Sean viu que o céu parecia feito de rabiscos que se mesclavam às nuvens materializando uma grande nave-mãe alienígena.
— Não Zôra!!! Isso tudo vai explodir!!!
— Barganhe!
— Não!!! Não mate ninguém... Ahhh!!! — e mais raios saíram da mão dela, com o som de quebra acentuando, de gelo em estado de quebra se fazendo.
Sean olhou para cima e toda geleira trincava no que a nave mãe alienígena se moldou.
— Barganhe Sr. Queise! — soou metálico.
Mas Sean corria, congelava e fugia quando o encontro com o corpo de Bantuh o levou ao chão.
Toda adrenalina de Sean Queise se esparramou pelo medo de vê-lo ali, de saber que ele o entregaria, quando Bantuh se tomou de pelos negros, dentes grandes e afiados e partiu para cima de Zôra.
— Deus... — foi só o que Sean conseguiu falar, vendo que o grande e feroz felino lutava com o exoesqueleto. Sean não esperou pelo desfecho, mesmo porque sabia que desfecho teria aquilo, se já vira o fim dele, e correu desorientado, congelando, sem saber onde estava quando chamou Spartacus, mas ele não se moveu. — Não!!! Não!!! Não!!! — berrava, corria, fugia tentando se comunicar com Spartacus que não o alcançava. — Mona?! — gritava Sean desesperado, em meio aos gritos horrendos que o grande felino Bantuh emitia ao ser comido. — Mona?! — Sean nem se quer olhava para trás, desesperado, perdendo as forças e Spartacus girou seguido do encontro com o exoesqueleto de Zôra. — Ahhh!!! — e foi a vez de Sean se chocar com o exoesqueleto feito de laminas e cair no chão.

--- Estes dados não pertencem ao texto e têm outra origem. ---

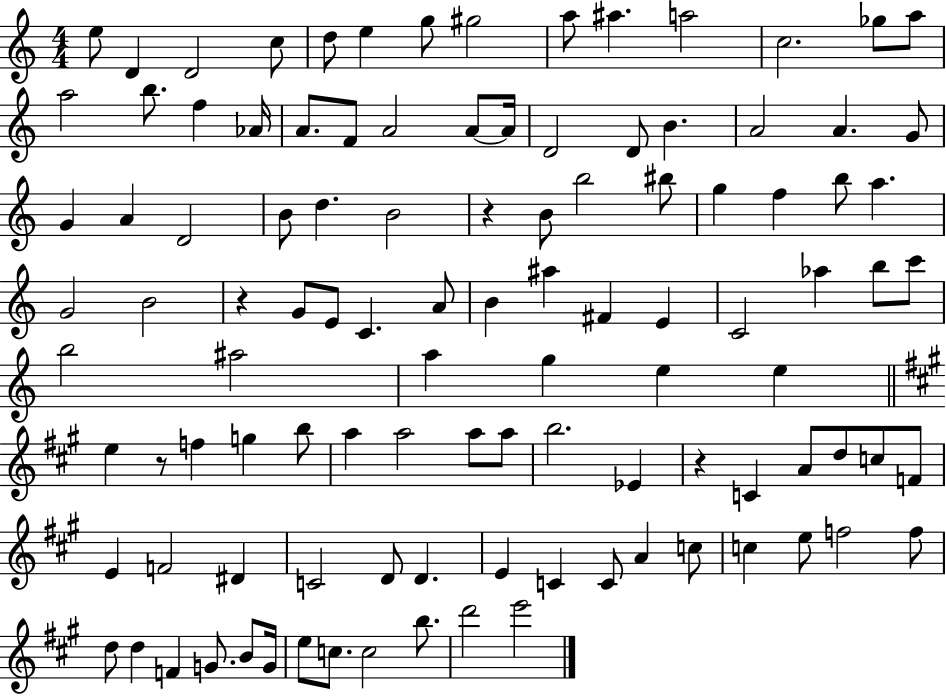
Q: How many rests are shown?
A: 4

E o exoesqueleto ficou ali, lhe encarando caído.
— Barganhe... — soava metálico.
E toda a adrenalina de Sean se esparramou pelo corpo.
— Sabe que não vou permitir que a levem, não é Srta. Trevellis? — e Sean viu a mão de Zôra dentro do exoesqueleto apontar para ele e disparar. — Ahhh!!! — e Sean foi lançado com toda força na areia quente de Damaraland, Namíbia.

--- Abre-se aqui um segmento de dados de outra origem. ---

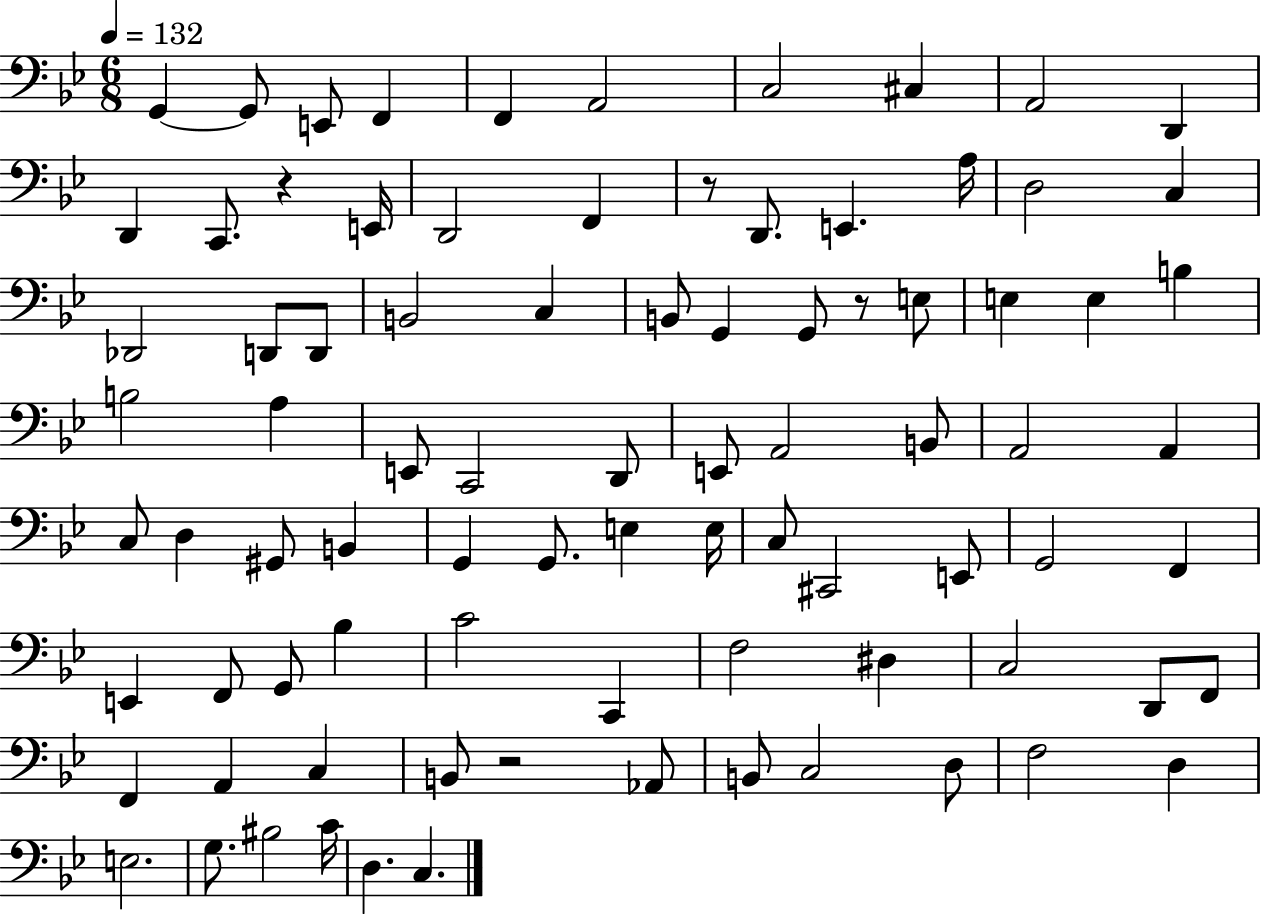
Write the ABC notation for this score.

X:1
T:Untitled
M:6/8
L:1/4
K:Bb
G,, G,,/2 E,,/2 F,, F,, A,,2 C,2 ^C, A,,2 D,, D,, C,,/2 z E,,/4 D,,2 F,, z/2 D,,/2 E,, A,/4 D,2 C, _D,,2 D,,/2 D,,/2 B,,2 C, B,,/2 G,, G,,/2 z/2 E,/2 E, E, B, B,2 A, E,,/2 C,,2 D,,/2 E,,/2 A,,2 B,,/2 A,,2 A,, C,/2 D, ^G,,/2 B,, G,, G,,/2 E, E,/4 C,/2 ^C,,2 E,,/2 G,,2 F,, E,, F,,/2 G,,/2 _B, C2 C,, F,2 ^D, C,2 D,,/2 F,,/2 F,, A,, C, B,,/2 z2 _A,,/2 B,,/2 C,2 D,/2 F,2 D, E,2 G,/2 ^B,2 C/4 D, C,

— Sean?! — gritou Kelly vendo Sean rolando, rolando, e parando só de calças, no chão do deserto quente, com uma Zôra nua surgindo, pisando a areia, se dirigindo para eles com todo seu corpo se fechando num exoesqueleto. — Ahhh!!! — Kelly gritou e Sean esticou a mão a fazendo desaparecer no que a mão de Zôra lançou um raio enegrecido que incendiou o lugar onde Kelly a pouca estava.
— Não faça isso Zôra!!! — e foi Mr. Trevellis quem gritou.

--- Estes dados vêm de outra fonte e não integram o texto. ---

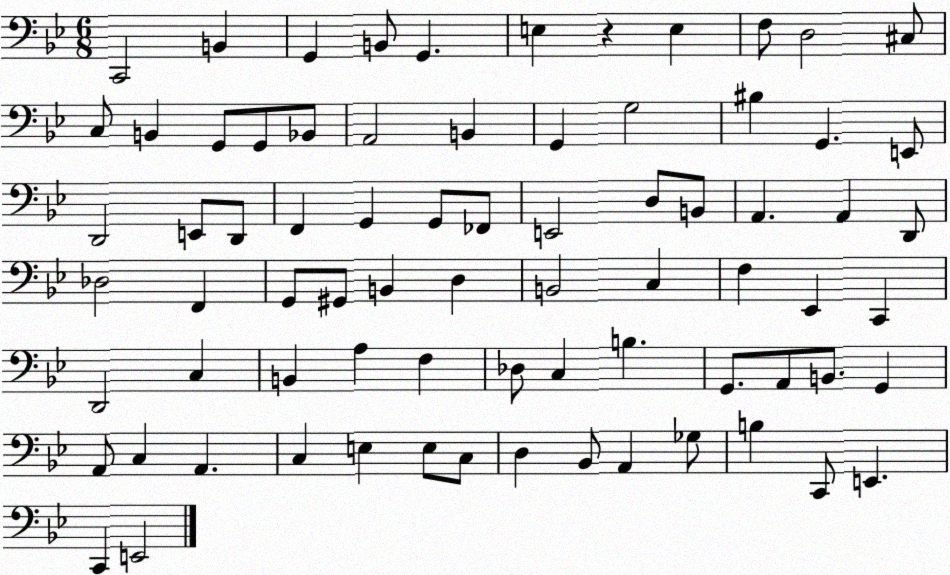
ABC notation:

Zôra então se virou para ele apontando a mão.
— Não Zôra!!! — gritou Sean. — Ele é seu pai!!! — e Zôra atirou quando Oscar tocou em Mr. Trevellis e ambos saíram do raio de ação do raio.
— Ahhh!!! — foi a vez de soar uma Zôra irritadíssima de dentro do exoesqueleto.
Hélder, Gyrimias, Abba, Lumumba, Kaunadodo, Yerik, Emiko, Lânia e Lenny também alcançaram a área do combate e Zôra apontou a mão para eles, que só não foram atingidos porque algo, alguma coisa feito um escudo de energia os fechou dentro.
Zôra então se virou furiosa para Mona Foad que gastou toda sua energia e foi ao chão a encarando:
— Devo dizer a seu pai agora o que me fez abandonar a Poliu, Zôra?
E Mr. Trevellis e Oscar impactaram no que todo chão cedeu e se abriu.
— Ahhh!!! — e todos caíram num formigueiro.
Hélder, Gyrimias, Abba, Lumumba, Kaunadodo caíram de um lado, Yerik, Emiko, Lânia e Lenny do outro lado e Oscar, Mr. Trevellis, Sean e Kelly no meio, vendo que Mona não havia caído ali; nem ela nem Zôra, no que parecia um grande espaço de sacrifícios.
Mas foi Yerik quem se adiantou:
— O-O que é i-isso?
— O formigueiro! — foi Kaunadodo quem respondeu.
— Kelly? — Sean se arrastou até ela desacordada. — Kelly? Kelly? — a chacoalhava quando Kelly abriu os olhos e os arregalou.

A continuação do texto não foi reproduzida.